Gerçekçi olmak gerekirse serbest gazetecilik Türkiye’de tam zamanlı geçim sağlamaya pek yetmiyor. Bu yüzden aynı zamanda iletişim danışmanlığı yapıyorum ve bir sivil toplum kuruluşunda iletişim sorumlusu olarak çalışıyorum. Bu işleri birbirini besleyen alanlar olarak görüyorum.
Sizin için gazetecilik etiği ne anlama geliyor? İlkelere uygun davranmak önemli mi?
Gazetecilik etiği, bu mesleğin omurgası. Güvenilirlik, doğrulama, kaynakların korunması, şeffaflık gibi ilkeler olmazsa yaptığımız iş kamuoyuna değil, başka yapılara hizmet eder. Özellikle serbest gazetecilikte bu ilkelere bağlı kalmak daha da önemli çünkü kurumsal bir denetim mekanizması yok.

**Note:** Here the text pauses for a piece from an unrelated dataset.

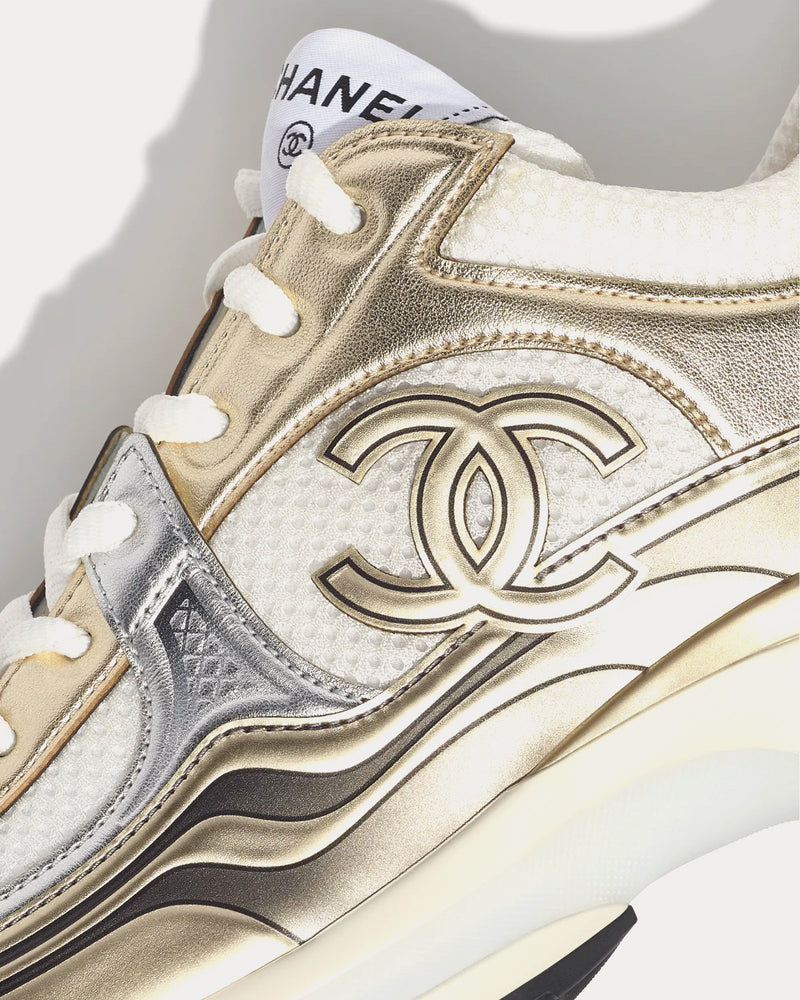 Chanel Fabric & Laminated White, Gold & Silver Low Top Sneakers - 2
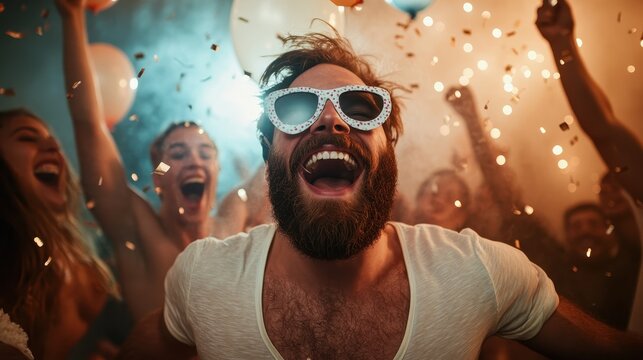 A jubilant man wearing sunglasses and a white shirt revels in an energetic party atmosphere filled with vibrant decorations and euphoric, smiling faces of attendees.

Serbest gazeteci olarak kendinizi ne ölçüde özgür hissediyorsunuz? Serbest gazeteciler medya kuruluşlarında çalışan gazetecilerden daha mı özgür? Serbest gazeteciliğin avantaj ve dezavantajları nelerdir?
Konu seçimi ve yaklaşım açısından daha özgürüm. Ama bu özgürlükle birlikte ekonomik güvencesizlik, süreklilik kaygısı gibi dezavantajlar da geliyor. Kurumsal bir gazetede çalışmanın istikrar ve erişim avantajları olabilir ama serbest gazetecilikte ifade özgürlüğü daha fazla, tabii bu özgürlüğün bedelini de sen ödüyorsun.
Serbest gazeteci olarak turkuaz basın kartından yararlanabiliyor musunuz? Yararlanamıyorsanız bu durum sahada haber yaparken sıkıntı yaratıyor mu? Bu sorunun çözülmesi için ne önerirdiniz?
Ne yazık ki hayır, şu anki sistem serbest gazetecileri dışlayan bir yapıda. Bu da sahada akreditasyon sorunlarına yol açıyor, özellikle resmî kurumlarla temas edilen haberlerde. Bu sorunun çözümü için serbest gazetecilik statüsünün tanınması ve bu mesleğin güvenceli hale getirilmesi gerekiyor. Basın kartı sistemi yeniden yapılandırılmalı.
Serbest gazeteci olmak isteyen gençlere ne önerirdiniz? İyi bir serbest gazeteci olarak neleri bilmeliler? Ne türden bilgi ve becerilere sahip olmalılar?
Araştırmayı, soru sormayı ve sabırlı olmayı öğrenmeliler. Kaynakla ilişki kurma, dijital araçları kullanma ve doğru mecraları hedefleme konularında kendilerini geliştirmeliler ve bence en önemlisi şu: Herkesin konuştuğu yerden değil, kimsenin bakmadığı yerden bakmayı öğrenmeliler.
Tekrar seçim yapma şansınız olsaydı yine gazeteciliği mi seçerdiniz yoksa başka bir meslek mi seçerdiniz?
Yine anlatıcılığı seçerdim ama muhtemelen gazetecilikle sivil toplum iletişimini birleştiren bir yerde olurdu—ki şu an yaptığım iş tam da bu aslında. Hikayeleri duyurmak, görünmeyeni görünür kılmak beni hâlâ motive ediyor.